In this section, we presented some results in case of ARFIMA and FIGARH statistical model usage for DDoS attack detection. We simulated real-world DDoS and application specific DDoS attacks for single LAN test network. As a network sensor we used SNORT IDS [20]. SNORT in our case is responsible for traffic capture and extracting network traffic features (see Table 1). Additionally we also used traffic testbed that contains DDoS attacks [21]. Twelve traffic features were used for evaluation of presented ARFIMA and FIGARH statistical models. Obviously, not all traffic features were sufficient for detecting all simulated attacks because they have not got impact on entire set of traffic features presented in Table 1. In Table 2 we presented detection rate DR and false positive FP values for 12 traffic features. Additionally in Tables 3 and 4, there are results for external testbed for 4 days of network traffic, respectively. We can conclude that ARFIMA model gives us better results in case of DR and FP for the used testbed in our experiments.

Table 2 Detection Rate DR (%) and False Positive FP (%) for a given network traffic features
Table 3 Evaluation of proposed method with the use of real world network traffic testbed [21] for 4 days of traffic
Table 4 Evaluation of proposed method with the use of real world network traffic testbed [21] for 4 days of traffic

6 Conclusion

Cybersecurity of information systems is contemporarily a key research factor. The growing number of DDoS attacks, their expending reach, and the level of complexity stimulate the dynamic development of network defensive systems. The techniques of statistical anomaly detections are recently the most commonly used for monitoring as well as detecting the attacks.

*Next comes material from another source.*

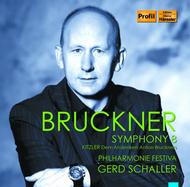 Bruckner - Symphony No.8 / Kitzler - Trauermusik | Haenssler Profil PH13027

In the present article, the construction of statistical autoregressive models, ARFIMA and FIFARCH, has been described. The above-mentioned models present the statistic variability of modeled parameters by means of the average or conditional variance. For estimation of parameters and identification of models the maximum likelihood method together with information criteria were used. As a result of their work the satisfying statistic measurements for researched signals of network traffic were obtained. The process of anomaly (attacks) detecting consist in comparison of estimated behavior parameters with real network traffic factors. The obtained results outstandingly signify that the anomalies included in the network traffic signal can be detected by suggested methods.